Photograph by Mark Thiessen/National Geographic
Jonathan Baillie is the Chief Scientist and Executive Vice President, Science & Exploration at the National Geographic Society. Baillie leads grant-making in the areas of science and exploration across a variety of disciplines and serves as vice chair of the National Geographic Society’s Committee for Research and Exploration. Baillie joined the Society after 14 years at the Zoological Society of London (ZSL), where he served in various capacities, most recently as Conservation Programmes Director. As director, Baillie was responsible for conservation projects focusing on threatened species and their habitats in more than 50 countries.
Among his achievements at ZSL, Baillie founded the EDGE of Existence program, which focuses on Evolutionary Distinct and Globally Endangered (EDGE) species. Additionally, he has served as co-chair of the International Union for Conservation of Nature (IUCN) National Red List Working Group and co-chair of the IUCN Pangolin Specialist Group. Baillie helped initiate United for Wildlife, led by the Duke of Cambridge, a collaboration of seven of the most influential conservation organizations working to address illegal wildlife trade at scale. He has also been a visiting professor of zoology at the University of Oxford.
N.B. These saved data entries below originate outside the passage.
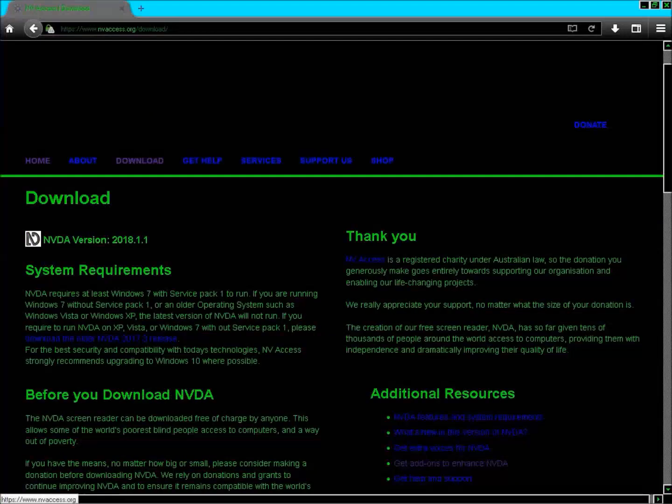The website heading reads: 'Empowering life through non-visual access to technology.' Pressing H to navigate to the download heading. NVDA version 2018.1.1. System requirements: NVDA requires at least Windows 7 with Service Pack 1. If you are running Windows Vista or Windows XP, the latest version of NVDA will not run.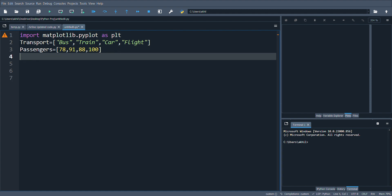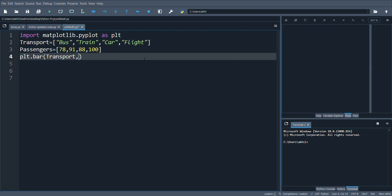The transport list will go on my x-axis and the passengers list will be my y-axis. To plot the bar chart I'll write plt.bar. If you want to plot a vertical bar chart you write plt.bar, or for a horizontal one you write barh. I'll give my x and y values — transport for the x-axis and passengers for the y-axis.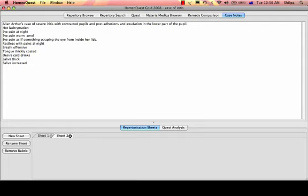Eye pain as if something scraping the eye from inside her lids, restlessness with pain at night, offensive breath, the tongue is thickly coated, desire for cold drinks, thick profuse saliva.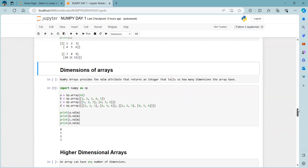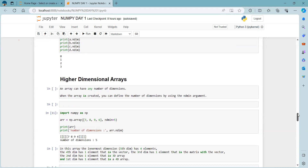Moving on to higher dimensional arrays. An array can have any number of dimensions. When creating an array, you can define the number of dimensions using the ndmin argument. This is how we create arrays with more than three dimensions.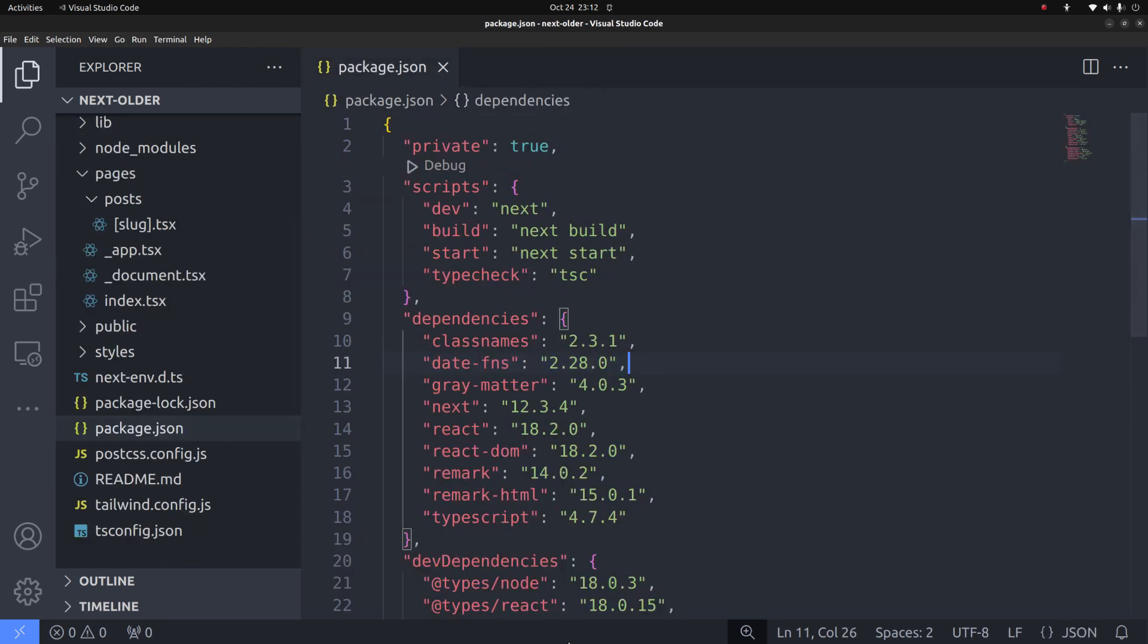Also if you don't mind, tell me in the comments which routing system do you prefer, the pages router or the app router. You can get rid of all this dummy content and just retain the app structure to build your own application on top of it. So that's how you install an older Next.js version. I hope you found this video useful. Thanks for watching.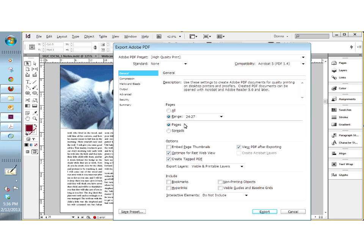Otherwise I leave it at pages, because when I send a PDF out to somebody who needs to review it, sometimes their monitor is not large enough to see the spread in enough detail so they are constantly having to zoom in and back out. So unless you have a special reason why you want to print spreads, I usually just stick with pages.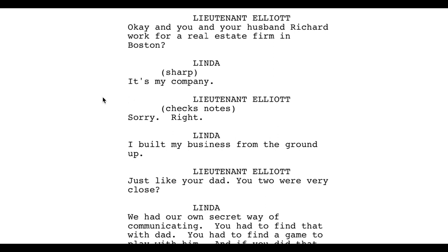This is the part where I probably would not handle it this way. You'll notice it says 'it's my company,' and then Lieutenant Elliot checks notes and says 'sorry, right.' I probably would have put a line of action that said 'Lieutenant Elliot glances at his notes,' and then you would not need the parenthetical here. I feel like when writers put physical actions in the parentheticals, they're either trying to save space on the page or they know actors will skip the action lines and go straight to the dialogue. I would prefer that parentheticals be left to how you say something, as opposed to what you're physically doing.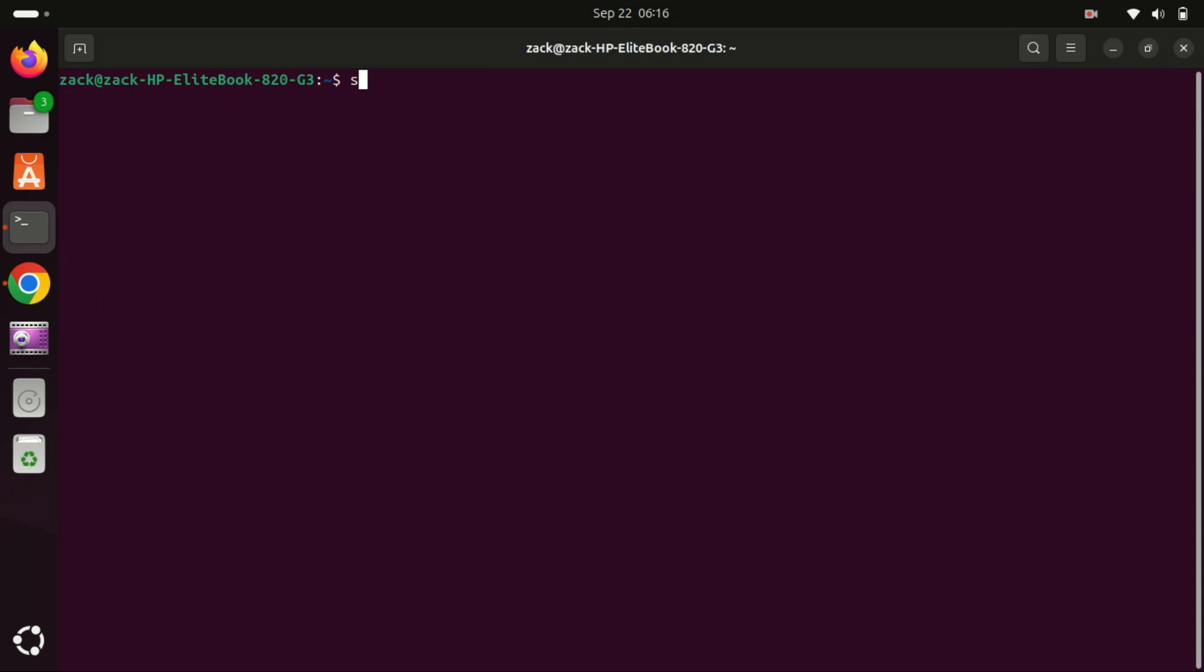First things first, let's update our system to ensure we have the latest packages. Open your terminal and run the following commands.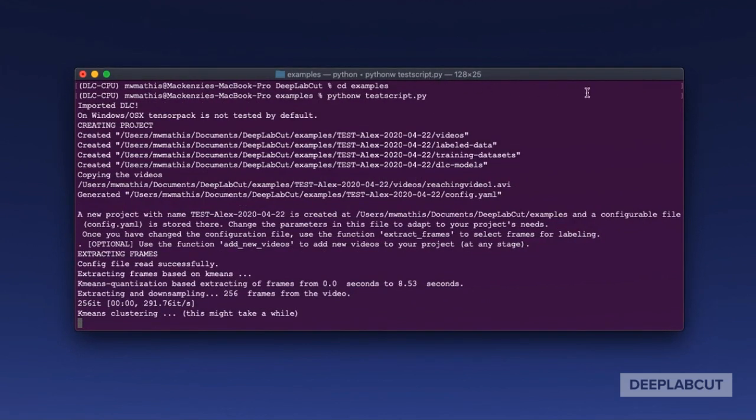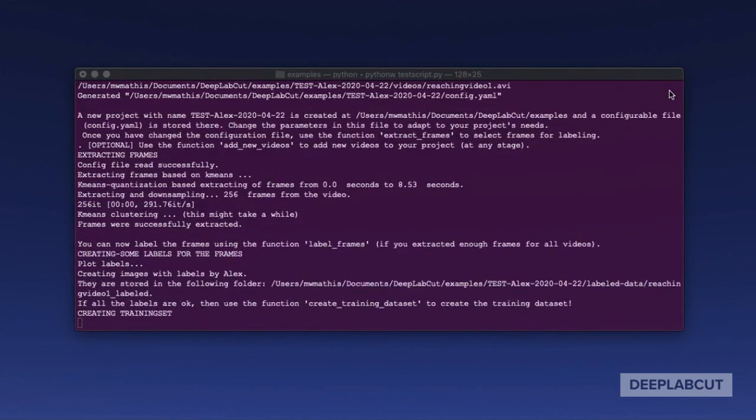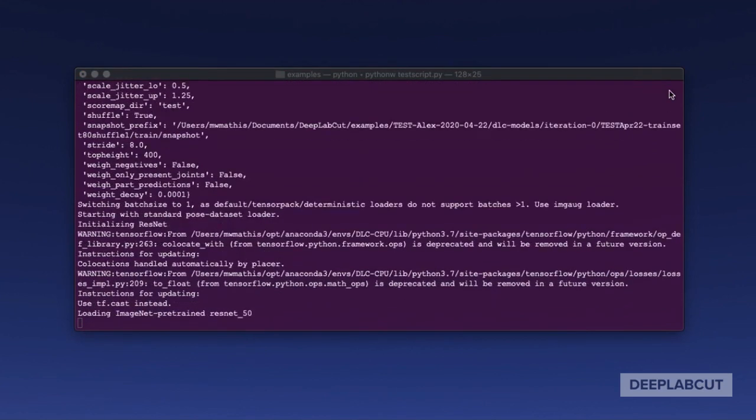While this test script produces nothing of interest scientifically, it allows you in about two and a half minutes on the CPU to test all the major functionalities of DeepLabCut.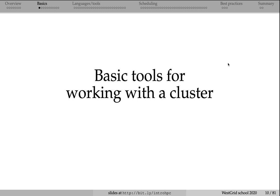In this video, we will take a look at the basic tools to work on an HPC cluster.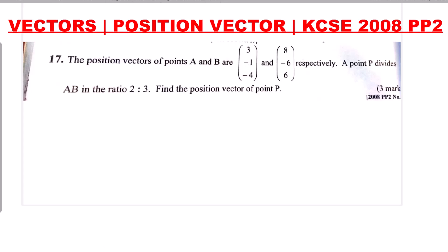Position vectors are vectors with reference from point O. Therefore, if A and B are position vectors and you are required to get the position vector of P, you should know that these are vectors originating from point O. There are two methods of solving this question.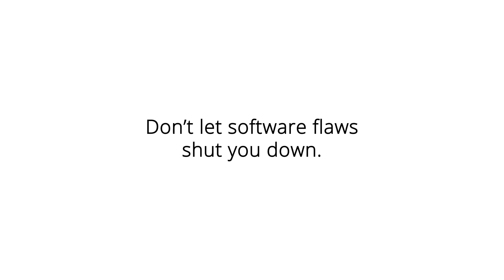Don't let software flaws shut you down. Predict, prevent, and be proactive. Use ReGrade.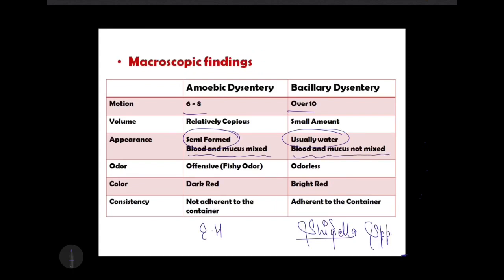In bacillary dysentery, blood and mucus are not mixed with the stool. The odor is usually fishy or offensive in amoebic dysentery, whereas in bacillary it is usually odorless. The color of the stool in amoebic dysentery is dark red, due to blood and mucus being mixed in, making the color darker.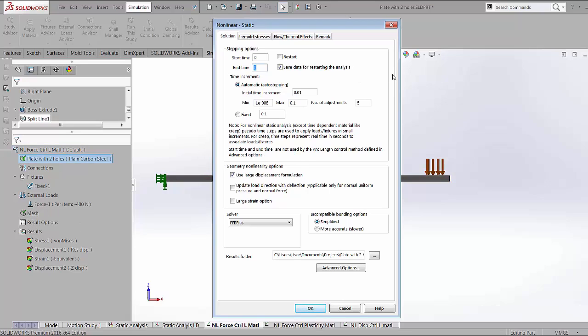The initial iteration is going to be 0.01 seconds and of course all of these values can be changed, and then each subsequent iteration is going to be between 1e-8 and 0.1. There's a minimum of 10 iterations that are going to take place to reach the full 100%.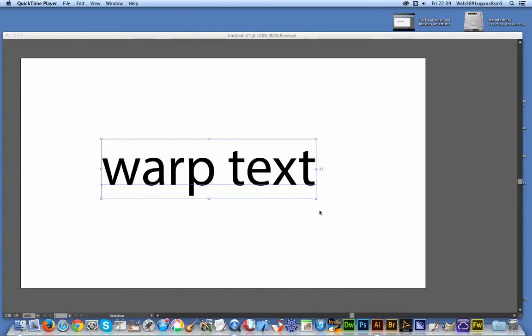Welcome back from Graphic Extras. In this tutorial I'm going to show you how to use the Illustrator brushes and text warping. That's why it says warp text - it's nothing to do with a certain TV show.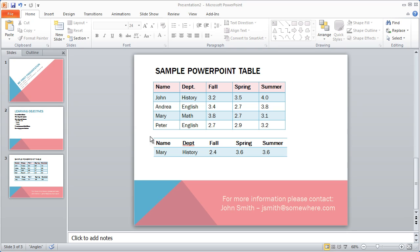Well, now that we've seen how to work with tables, let's take a look and see how we could work with pictures and images on our presentation.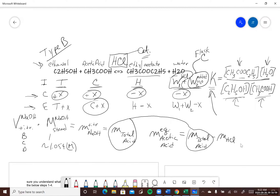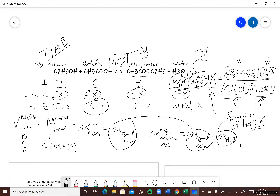The total moles of acid come from the titration. The moles of HCl in each flask come from the titration of flask A — that was the purpose of flask A. Subtracting those gives you the moles of acetic acid, and that is shown in detail in the lab procedure below.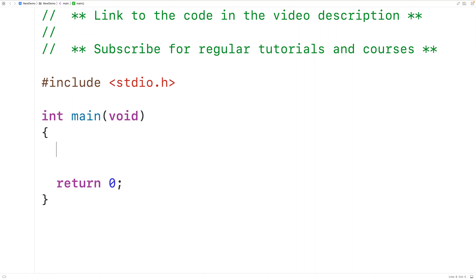In this video we're going to write a C program to check if a number is negative, positive, or zero. The first thing we'll do is declare an int type variable called number. This variable is going to store the number.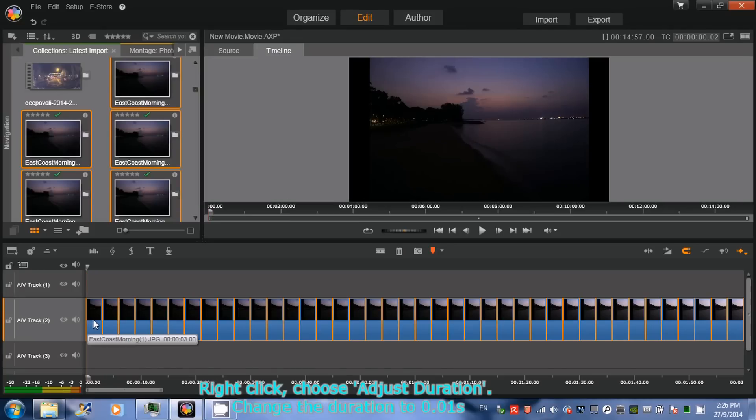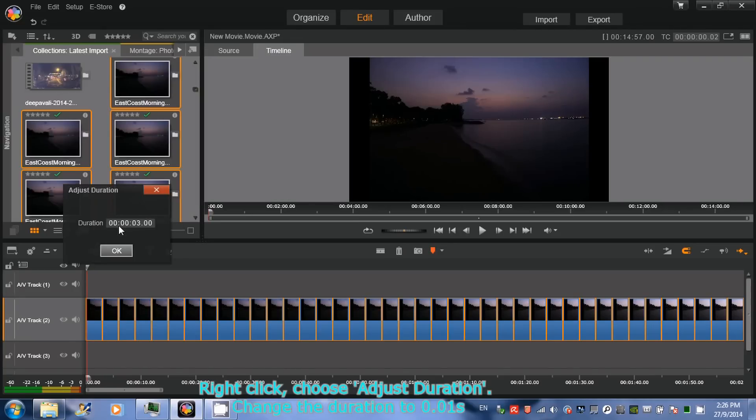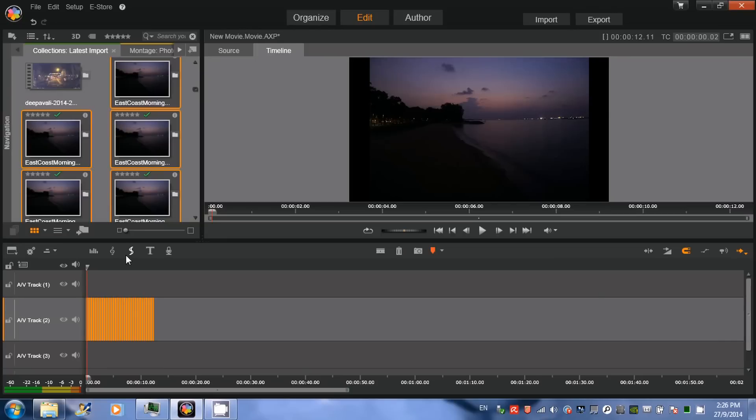Right-click and choose Adjust Duration. All the images should remain selected. Change the duration from the default 3 seconds to 0.01 second. Preview the video.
Baillie completed his undergraduate studies at Queen’s University in Canada and received a master’s degree in conservation biology at Yale University and a Ph.D. in biology at Silwood Park, Imperial College London. His extensive fieldwork includes research and monitoring of western lowland gorillas in Gabon; developing ecotourism sites in Central Africa; searching for extremely rare endemic birds in New Guinea; and conducting behavioral studies of desert baboons in Namibia.